It was a sunny day when I drove up the Cook Hospital Hill, and quite surreal to see the difference in the landscape from when I had worked as a shorthand typist at the Cook Hospital in the 1980s.
Here in Tairāwhiti, we have some of the most beautiful botanical gardens and arboretums in the country. I was stoked to be checking out one of the less known Tūranga gardens with Ray Gowland to learn more about this grassroots community project.

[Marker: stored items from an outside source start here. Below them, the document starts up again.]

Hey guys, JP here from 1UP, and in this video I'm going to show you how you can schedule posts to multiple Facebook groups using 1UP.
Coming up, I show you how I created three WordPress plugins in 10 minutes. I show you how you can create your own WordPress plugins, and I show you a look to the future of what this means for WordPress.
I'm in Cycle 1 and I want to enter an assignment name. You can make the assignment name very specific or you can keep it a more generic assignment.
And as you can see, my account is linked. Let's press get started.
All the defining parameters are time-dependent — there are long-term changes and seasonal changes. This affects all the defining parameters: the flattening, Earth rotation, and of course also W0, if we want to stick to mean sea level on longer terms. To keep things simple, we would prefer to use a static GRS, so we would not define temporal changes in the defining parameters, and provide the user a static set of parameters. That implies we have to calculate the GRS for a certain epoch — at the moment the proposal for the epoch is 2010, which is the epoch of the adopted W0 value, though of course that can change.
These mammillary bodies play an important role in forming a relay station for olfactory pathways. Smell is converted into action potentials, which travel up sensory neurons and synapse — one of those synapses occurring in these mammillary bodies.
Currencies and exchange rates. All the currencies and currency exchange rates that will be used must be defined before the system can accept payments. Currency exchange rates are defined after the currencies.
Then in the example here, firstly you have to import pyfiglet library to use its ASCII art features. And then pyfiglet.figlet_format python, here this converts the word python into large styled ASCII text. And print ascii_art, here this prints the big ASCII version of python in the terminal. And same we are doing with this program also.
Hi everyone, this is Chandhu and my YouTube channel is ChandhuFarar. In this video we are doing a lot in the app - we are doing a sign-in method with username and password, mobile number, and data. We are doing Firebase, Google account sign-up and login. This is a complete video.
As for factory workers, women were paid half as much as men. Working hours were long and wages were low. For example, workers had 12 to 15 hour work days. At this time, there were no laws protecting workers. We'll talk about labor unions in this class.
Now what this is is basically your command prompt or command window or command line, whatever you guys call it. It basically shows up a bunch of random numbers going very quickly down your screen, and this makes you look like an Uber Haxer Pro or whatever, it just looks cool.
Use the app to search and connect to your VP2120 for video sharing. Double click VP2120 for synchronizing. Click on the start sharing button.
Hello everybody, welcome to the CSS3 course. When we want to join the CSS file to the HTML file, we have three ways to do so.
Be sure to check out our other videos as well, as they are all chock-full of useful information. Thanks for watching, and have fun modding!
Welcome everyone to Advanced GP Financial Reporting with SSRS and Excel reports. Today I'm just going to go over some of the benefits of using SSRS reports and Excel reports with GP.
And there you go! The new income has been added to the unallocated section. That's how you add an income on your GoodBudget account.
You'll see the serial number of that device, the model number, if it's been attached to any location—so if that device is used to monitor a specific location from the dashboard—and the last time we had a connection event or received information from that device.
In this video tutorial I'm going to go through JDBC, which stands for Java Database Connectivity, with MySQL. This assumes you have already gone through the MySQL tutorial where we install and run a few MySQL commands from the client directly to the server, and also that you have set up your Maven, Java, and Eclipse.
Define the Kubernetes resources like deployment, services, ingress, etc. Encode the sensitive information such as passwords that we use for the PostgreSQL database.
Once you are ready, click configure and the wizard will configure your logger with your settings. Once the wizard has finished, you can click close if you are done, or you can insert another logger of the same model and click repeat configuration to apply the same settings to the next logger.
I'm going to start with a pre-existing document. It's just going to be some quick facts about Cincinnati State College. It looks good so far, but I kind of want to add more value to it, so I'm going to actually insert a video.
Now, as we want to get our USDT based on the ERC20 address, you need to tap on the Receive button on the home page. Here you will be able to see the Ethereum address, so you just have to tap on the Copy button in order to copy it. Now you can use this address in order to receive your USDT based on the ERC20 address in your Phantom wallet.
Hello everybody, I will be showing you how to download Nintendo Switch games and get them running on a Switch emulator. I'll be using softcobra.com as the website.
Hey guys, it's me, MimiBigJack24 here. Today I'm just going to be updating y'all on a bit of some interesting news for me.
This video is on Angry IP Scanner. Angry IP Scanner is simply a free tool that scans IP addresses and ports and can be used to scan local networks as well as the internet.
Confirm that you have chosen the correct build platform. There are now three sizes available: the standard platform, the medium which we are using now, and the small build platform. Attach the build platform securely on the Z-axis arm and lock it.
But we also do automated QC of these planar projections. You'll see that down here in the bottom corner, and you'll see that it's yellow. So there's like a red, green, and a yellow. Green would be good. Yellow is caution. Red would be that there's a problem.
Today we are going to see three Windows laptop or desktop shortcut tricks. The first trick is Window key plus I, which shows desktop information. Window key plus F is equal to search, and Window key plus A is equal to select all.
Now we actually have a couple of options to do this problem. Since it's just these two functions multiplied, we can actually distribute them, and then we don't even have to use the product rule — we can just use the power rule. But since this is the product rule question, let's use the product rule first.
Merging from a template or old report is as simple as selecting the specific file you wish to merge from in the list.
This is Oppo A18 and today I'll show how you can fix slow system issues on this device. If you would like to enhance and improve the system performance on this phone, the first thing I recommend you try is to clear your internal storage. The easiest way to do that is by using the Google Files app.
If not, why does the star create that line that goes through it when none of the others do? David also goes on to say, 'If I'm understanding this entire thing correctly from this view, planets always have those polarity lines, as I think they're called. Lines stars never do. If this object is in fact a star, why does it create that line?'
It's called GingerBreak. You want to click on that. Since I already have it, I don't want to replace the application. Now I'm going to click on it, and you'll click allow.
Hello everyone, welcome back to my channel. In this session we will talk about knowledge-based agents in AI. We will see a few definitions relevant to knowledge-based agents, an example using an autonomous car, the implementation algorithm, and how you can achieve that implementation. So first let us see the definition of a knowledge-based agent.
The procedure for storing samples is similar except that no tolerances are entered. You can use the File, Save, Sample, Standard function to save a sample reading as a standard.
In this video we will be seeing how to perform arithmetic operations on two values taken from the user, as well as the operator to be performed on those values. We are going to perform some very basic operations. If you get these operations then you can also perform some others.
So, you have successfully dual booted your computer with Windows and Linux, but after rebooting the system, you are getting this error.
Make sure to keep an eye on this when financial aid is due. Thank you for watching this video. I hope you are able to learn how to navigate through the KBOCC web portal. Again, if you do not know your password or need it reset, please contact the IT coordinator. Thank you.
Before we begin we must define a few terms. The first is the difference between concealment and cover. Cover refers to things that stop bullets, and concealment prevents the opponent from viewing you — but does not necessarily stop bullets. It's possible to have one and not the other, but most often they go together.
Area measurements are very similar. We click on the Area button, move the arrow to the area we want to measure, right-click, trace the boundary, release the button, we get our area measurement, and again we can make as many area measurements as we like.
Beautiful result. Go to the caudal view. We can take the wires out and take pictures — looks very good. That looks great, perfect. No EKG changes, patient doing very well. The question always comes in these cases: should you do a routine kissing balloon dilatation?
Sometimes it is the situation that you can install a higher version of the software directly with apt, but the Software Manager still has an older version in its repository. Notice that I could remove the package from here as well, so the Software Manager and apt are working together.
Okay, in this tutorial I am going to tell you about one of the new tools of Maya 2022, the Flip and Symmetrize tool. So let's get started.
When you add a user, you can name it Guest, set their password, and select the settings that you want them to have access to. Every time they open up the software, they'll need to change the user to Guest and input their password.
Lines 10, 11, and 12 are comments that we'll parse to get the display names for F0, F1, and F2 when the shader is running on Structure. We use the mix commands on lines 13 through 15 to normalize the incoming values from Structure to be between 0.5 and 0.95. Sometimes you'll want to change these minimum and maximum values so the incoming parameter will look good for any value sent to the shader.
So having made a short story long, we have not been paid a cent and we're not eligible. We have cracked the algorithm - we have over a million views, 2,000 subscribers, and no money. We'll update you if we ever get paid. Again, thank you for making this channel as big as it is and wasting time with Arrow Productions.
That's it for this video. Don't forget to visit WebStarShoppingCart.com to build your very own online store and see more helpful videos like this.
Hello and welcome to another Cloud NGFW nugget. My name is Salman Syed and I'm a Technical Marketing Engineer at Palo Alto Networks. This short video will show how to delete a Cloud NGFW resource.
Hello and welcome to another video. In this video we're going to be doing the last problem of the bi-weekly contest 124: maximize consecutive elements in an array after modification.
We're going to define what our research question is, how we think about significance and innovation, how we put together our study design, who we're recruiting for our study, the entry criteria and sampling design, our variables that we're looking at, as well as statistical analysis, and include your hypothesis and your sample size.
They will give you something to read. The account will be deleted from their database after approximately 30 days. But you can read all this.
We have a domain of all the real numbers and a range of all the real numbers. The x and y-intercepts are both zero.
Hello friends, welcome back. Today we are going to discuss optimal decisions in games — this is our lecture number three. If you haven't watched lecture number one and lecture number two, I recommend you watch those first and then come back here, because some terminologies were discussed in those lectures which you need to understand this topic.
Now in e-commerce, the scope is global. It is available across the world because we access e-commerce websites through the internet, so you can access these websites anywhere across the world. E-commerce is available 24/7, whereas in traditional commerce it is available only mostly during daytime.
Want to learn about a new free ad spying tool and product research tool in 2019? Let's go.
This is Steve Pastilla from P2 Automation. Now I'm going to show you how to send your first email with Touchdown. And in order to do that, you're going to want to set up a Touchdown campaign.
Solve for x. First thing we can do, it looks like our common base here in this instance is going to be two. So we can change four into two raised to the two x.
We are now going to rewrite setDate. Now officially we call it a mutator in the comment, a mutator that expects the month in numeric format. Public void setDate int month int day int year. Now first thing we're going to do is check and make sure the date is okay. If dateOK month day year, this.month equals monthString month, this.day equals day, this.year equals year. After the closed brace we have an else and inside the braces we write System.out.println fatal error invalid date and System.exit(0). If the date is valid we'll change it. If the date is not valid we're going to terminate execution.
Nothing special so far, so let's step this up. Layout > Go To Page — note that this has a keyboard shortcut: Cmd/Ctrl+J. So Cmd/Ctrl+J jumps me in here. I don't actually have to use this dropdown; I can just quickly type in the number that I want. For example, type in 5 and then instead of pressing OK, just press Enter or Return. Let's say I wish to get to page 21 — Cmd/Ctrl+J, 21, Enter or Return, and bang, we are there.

The gardens are in a 1.85 hectare Council reserve close to where the old Cook Hospital had overlooked the city. You can access the tranquil little valley from either Diana Avenue at the top of Hospital Hill or Valley Road, opposite The Farmyard, in Mangapapa.
It was interesting to note while I was digging around historical documents that the main hospital in the late 1800s had been in Aberdeen Road. The new hospital was built on the hill because new premises were needed for the increasing numbers of sick people with “Gisborne fever” and epidemics of typhoid, diphtheria, and influenza. Very relatable as we experience our own Covid-19 pandemic!
The hospital was built on what had previously been farmland, at the top of the hill where the water reservoirs now stand and was opened in 1914. By the 1980s, the time had come to modernise again, but due to land movement, a new hospital facility was built in Ormond Road, opening in 1985. It was noted at the opening of the current Gisborne Hospital that there was no longer any need to have typhoid or tuberculosis wards.
The old hospital was demolished in 1988 and residential housing popped up in the 1990s and 2000s. Ray Gowland recalls it was the Turanga Lions Club’s idea to create a “small Eastwoodhill” close to the city. Lions Club members began the garden project in 2001, and despite the club closing in 2011, Ray stayed on as Project Convenor to develop the gardens.
The site had been left untouched for some time, so it took a massive effort to get it under control. “It was just a steep cliff. A complete jungle covered in honeysuckle and weeds. A dumping ground for rubbish and machinery. We put up fences and walls. Cleared it. And planted the full gambit of native trees, Rewarewa, Kauri, Manuka along with Rhododendrons, Camellias and other flowers. There’s an underground bunker, but we never found it.”
Volunteers have been helping Ray with the mahi - developing, improving, and extending the gardens ever since. In addition to thousands of volunteer hours, donations from the Turanga Lions Club, Williams Family Trust and Gisborne District Council have contributed to the project. The Council staff and contractors continue to provide support with plants and advice.
At the moment, four volunteers meet every Friday morning for three hours of weeding, planting, maintenance, some good banter and a cuppa. Two of them, Martin Cox and Graeme Miller, share similar stories as retirees wanting to give back to the land and the community. The camaraderie and putting the world right are top of their minds most days.
Martin has been helping for eight years and Graeme, two. Martin asks anyone sitting at home, retired or at a loose end, not to be shy to lend a hand. He likes to meet and talk to people from different walks of life and have a bit of a laugh. While Graeme is a keen gardener, he also got involved to meet people and keep up his fitness, “It’s a big job with only the four of us.”
Ray, Martin, Graeme and the other stalwart of support for the gardens, Gail Wadham, are doing awesome work. They are achieving lots for Papatūānuku and for the nature she provides. Like many other voluntary projects, there is more work than they can handle.
We highly recommend you take your whānau to check this lovely little corner of Tūranganui-a-Kiwa out. They are peaceful and easy walking with heaps of different tracks for the kids to explore.
Afternoons in the gardens are especially lovely with the golden sun filtering through the tall gums.